Scholz: Wir haben so was Ähnliches ja schon während der letzten Finanzkrise 2008/2009 gemacht, allerdings auf einen anderen Sektor, nämlich die Banken bezogen, und es kann schon sein, dass Unternehmen jetzt plötzlich Liquiditätsmängel haben. Die versuchen wir, mit unseren Kreditprogrammen zu begleiten, so dass das nicht sofort ein Problem wird. Aber irgendwann wird wahrscheinlich Eigenkapital fällig und dann sind wir bereit, mit dem Finanzmarkt-Stabilisierungsfonds, den wir vor über zehn Jahren eingesetzt haben, wieder unseren Beitrag zu leisten, so dass Eigenkapital jetzt aber in dem Fall für die Realwirtschaft zur Verfügung steht - die Unternehmen, wo unglaublich viele Männer und Frauen arbeiten und die jetzt zum Beispiel von einem Tag auf den anderen kein Geschäft mehr haben.
Bundesagentur für Arbeit hat große Rücklagen
Heinemann: Welche weiteren Erfahrungen aus der Bankenkrise können jetzt helfen?
Scholz: Ein Instrument, das ich damals als Arbeitsminister eingesetzt habe: die Kurzarbeit. Das heißt, die Förderung der Kurzarbeit. Das ist ja letztendlich ein Instrument, das dafür sorgt, dass obwohl keine Arbeit mehr da ist die Unternehmen ihre Beschäftigen nicht kündigen, weil wir im Prinzip einen Teil oder einen großen Teil der Lohnkosten übernehmen, so dass die Tatsache, wenn es gar keine Arbeit mehr gibt, dass es möglich ist, dass wir sehr, sehr viel von diesem Betrag auf die Rechnung der Bundesagentur für Arbeit nehmen. Die hat allerdings große Rücklagen. Das ist noch besser als in der letzten Finanzkrise. Wir haben damals in den zwei Jahren etwa fünf Milliarden Euro gebraucht. Jetzt hat aber die Bundesagentur über 20 Milliarden Rücklagen. Wir können also richtig helfen und wollen das auch.
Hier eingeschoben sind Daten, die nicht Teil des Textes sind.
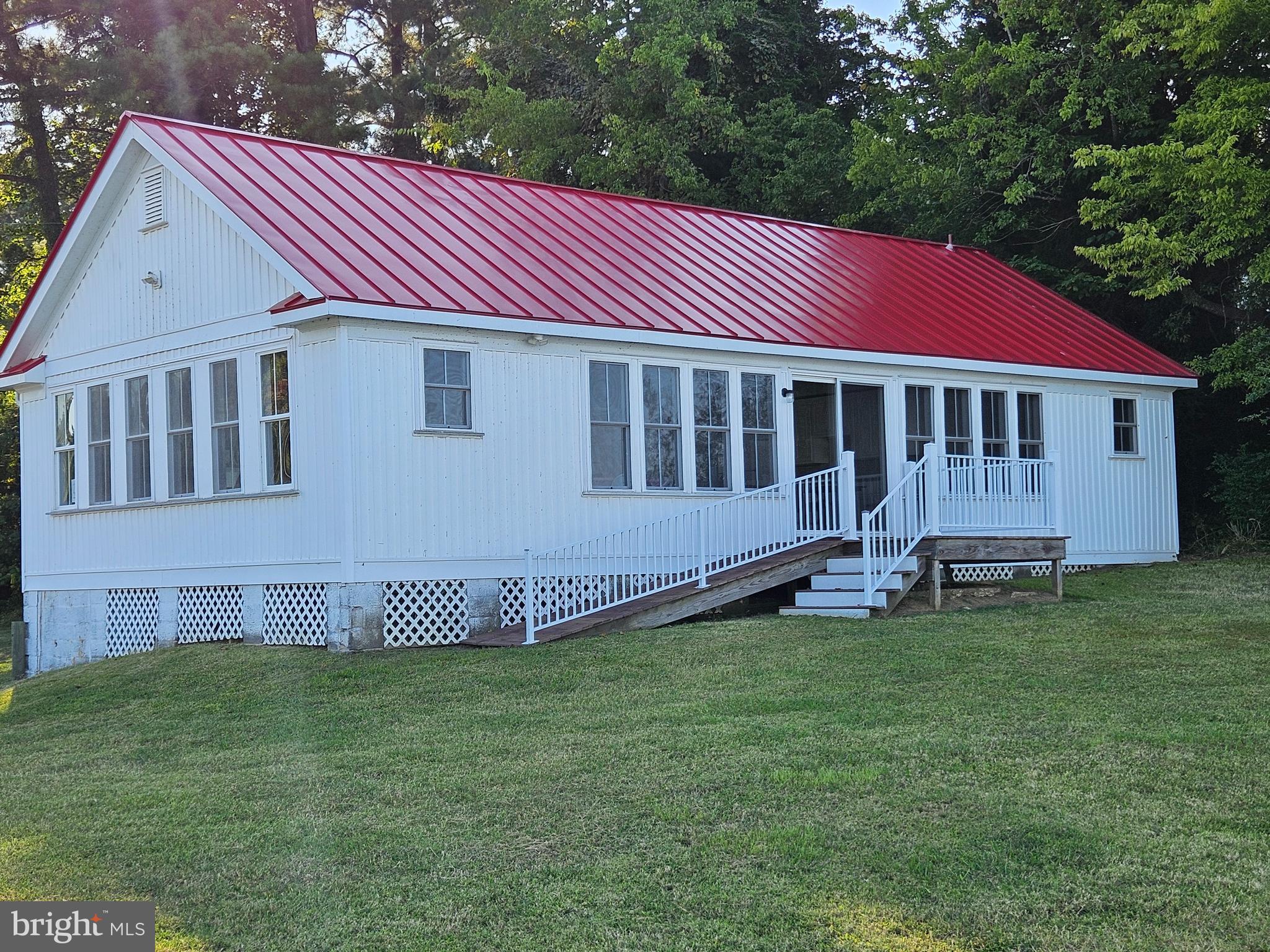 RAPPAHANNOCK RIVER RUN - Land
Heinemann: Ihren Teil will auch die EZB leisten. 750 Milliarden Euro stellt die Europäische Zentralbank für den Kauf von Staats- und Unternehmensanleihen zur Verfügung. Finanziert die Bank damit indirekt Staatsdefizite?
Scholz: Nein! Sie stellt erst mal sicher, dass Liquidität auf den Finanzmärkten gewährleistet ist. Das ist die Zielsetzung, die ich verstanden habe und die auch so erklärt worden ist. Wir haben ja viele Aufgaben gleichzeitig zu gewährleisten. Aber eins muss immer sichergestellt sein, dass wir dafür sorgen, dass die Finanzmärkte, dass die Finanzierung der Staaten immer liquide funktioniert, und das kann die Zentralbank gut machen.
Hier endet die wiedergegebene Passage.